Simplify coefficients:
(t − t²) = t(1−t)
( (1−t) − (1−t)² ) = (1−t)t = t(1−t).
So the expression becomes:
= t(1−t) x² + t(1−t) y² − 2t(1−t) x y
= t(1−t)(x² − 2xy + y²)
= t(1−t)(x − y)².
Since t ∈ [0,1], we have t(1−t) ≥ 0, and (x−y)² ≥ 0.
Therefore t(1−t)(x−y)² ≥ 0.
Thus [right − left] ≥ 0, which implies:
(t x + (1−t) y)² ≤ t x² + (1−t) y².
So f(x) = x² is convex.
Insight: This proof shows a common pattern: after expanding, convexity often reduces to a nonnegative square like (x−y)². Convexity is frequently “hidden” nonnegativity.
Let f(x) = ‖x‖² on ℝⁿ. Compute ∇f(x) and verify f(y) ≥ f(x) + ∇f(x)·(y−x).
Write f explicitly:
f(x) = x·x = ∑ᵢ xᵢ².
Compute the gradient:
∇f(x) = 2x
(because ∂/∂xᵢ of ∑ⱼ xⱼ² is 2xᵢ).
Plug into the supporting-hyperplane inequality:
Need to show:
‖y‖² ≥ ‖x‖² + (2x)·(y−x).
Expand the right-hand side:
‖x‖² + 2x·y − 2x·x
= ‖x‖² + 2x·y − 2‖x‖²
= 2x·y − ‖x‖².
So the inequality becomes:
‖y‖² ≥ 2x·y − ‖x‖².
Bring all terms to the left:
‖y‖² − 2x·y + ‖x‖² ≥ 0.
Recognize the left-hand side as a squared norm:
‖y − x‖² = (y−x)·(y−x)
= ‖y‖² − 2x·y + ‖x‖².
Thus the inequality is:
‖y − x‖² ≥ 0,
which is always true.
Therefore f(x) = ‖x‖² satisfies the supporting-hyperplane inequality and is convex.
Insight: For squared norm objectives, convexity and many optimization inequalities reduce to the identity ‖y−x‖² ≥ 0. This is why least-squares problems are so well-behaved.

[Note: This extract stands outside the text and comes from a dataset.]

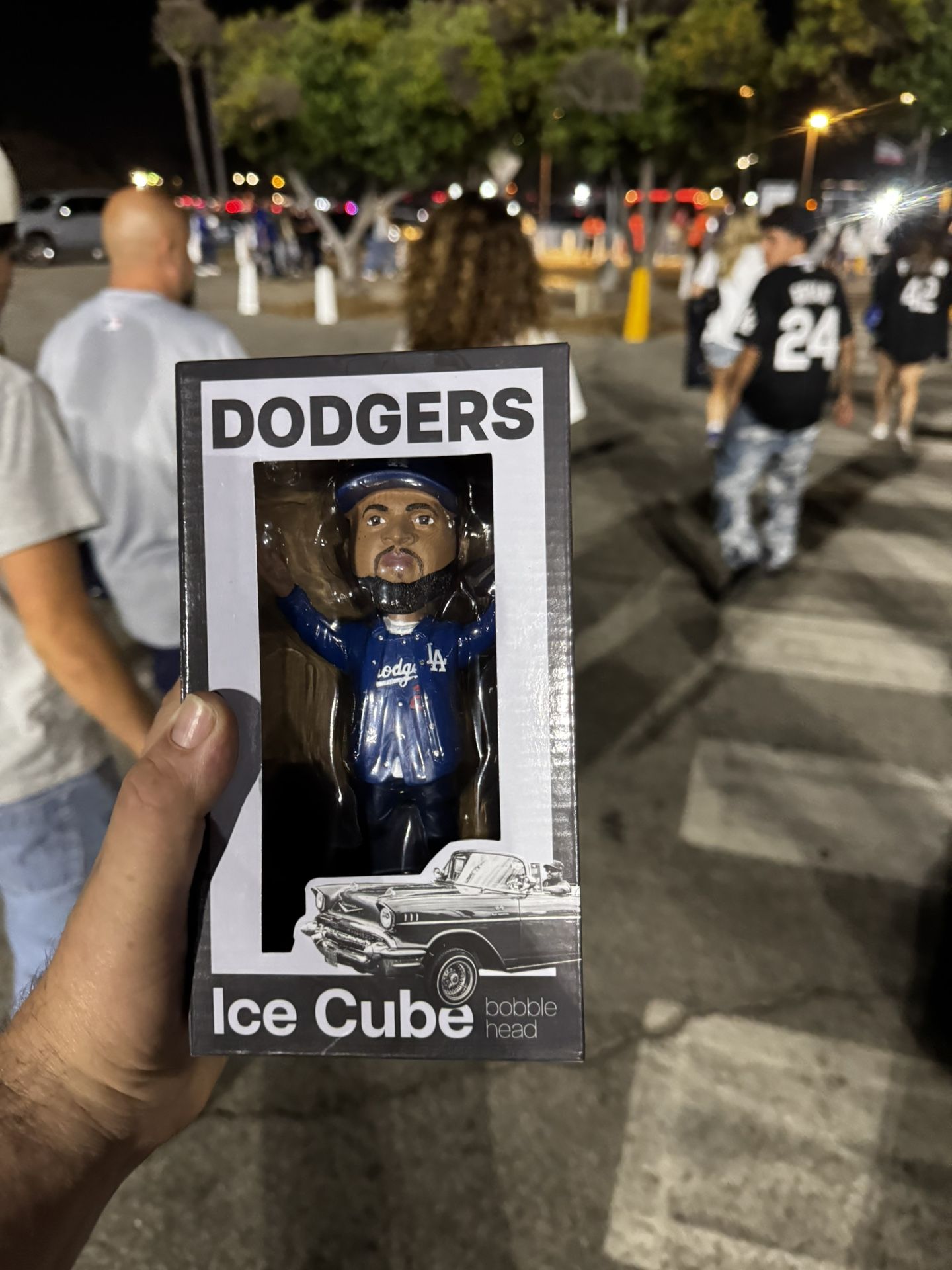 Ice Cube Bobble Head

Assume f and g are convex functions on a convex domain in ℝⁿ. Define h(x) = max(f(x), g(x)). Prove h is convex using the convex combination inequality.
Take any x, y and any t ∈ [0,1]. Let z = t x + (1−t) y.
Because f is convex:
f(z) ≤ t f(x) + (1−t) f(y).
Because g is convex:
g(z) ≤ t g(x) + (1−t) g(y).
Take the maximum of the left sides and use that max preserves inequalities:
max(f(z), g(z)) ≤ max(t f(x) + (1−t) f(y), t g(x) + (1−t) g(y)).

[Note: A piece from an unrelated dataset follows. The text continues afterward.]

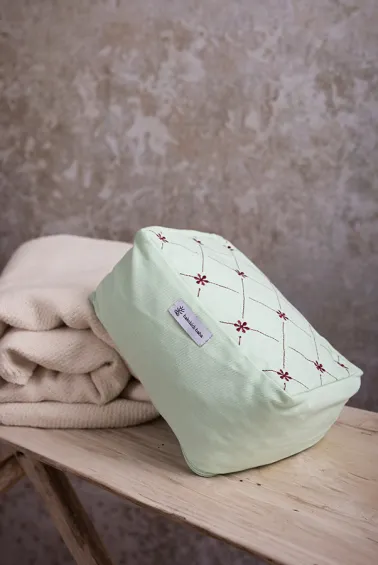 Coussin de méditation brodé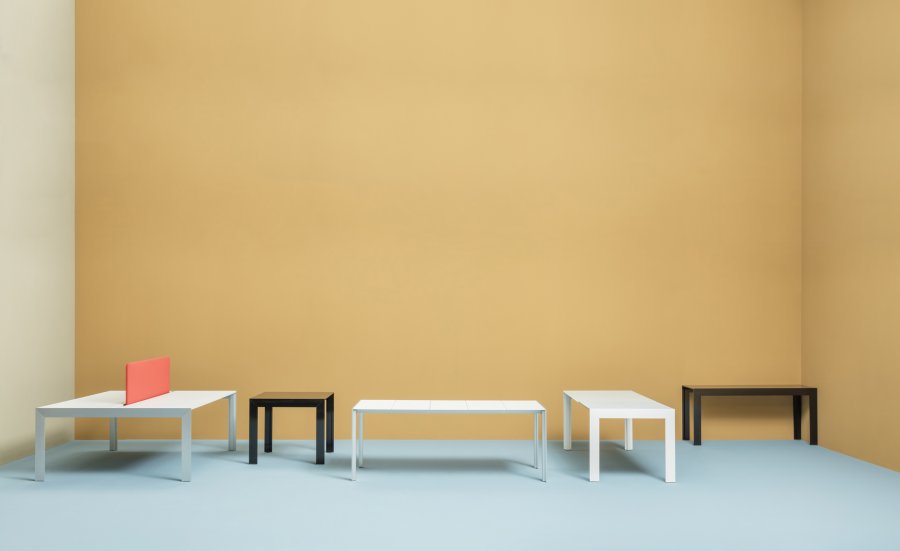 Стол со звукопоглощающей панелью Matrix Desk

Now use a key inequality: for any numbers a₁, a₂, b₁, b₂,
max(a₁, a₂) ≤ max(b₁, b₂) is not generally true, but here we instead bound the max of two sums by the sum of maxes:
max(t f(x) + (1−t) f(y), t g(x) + (1−t) g(y))
≤ t max(f(x), g(x)) + (1−t) max(f(y), g(y)).
Justification of the previous step:
Add the corresponding bounds for each branch, then the maximum of two quantities is ≤ the common upper bound.
Substitute h:
h(z) = max(f(z), g(z))
≤ t h(x) + (1−t) h(y).
This matches the convex combination inequality, so h is convex.
Insight: Pointwise maxima preserve convexity because “being below a chord” is stable under taking the upper envelope of convex graphs—useful for hinge losses and robust objectives.
Convexity is a global shape constraint: for any x, y, the graph of f lies below the chord between (f(x), f(y)).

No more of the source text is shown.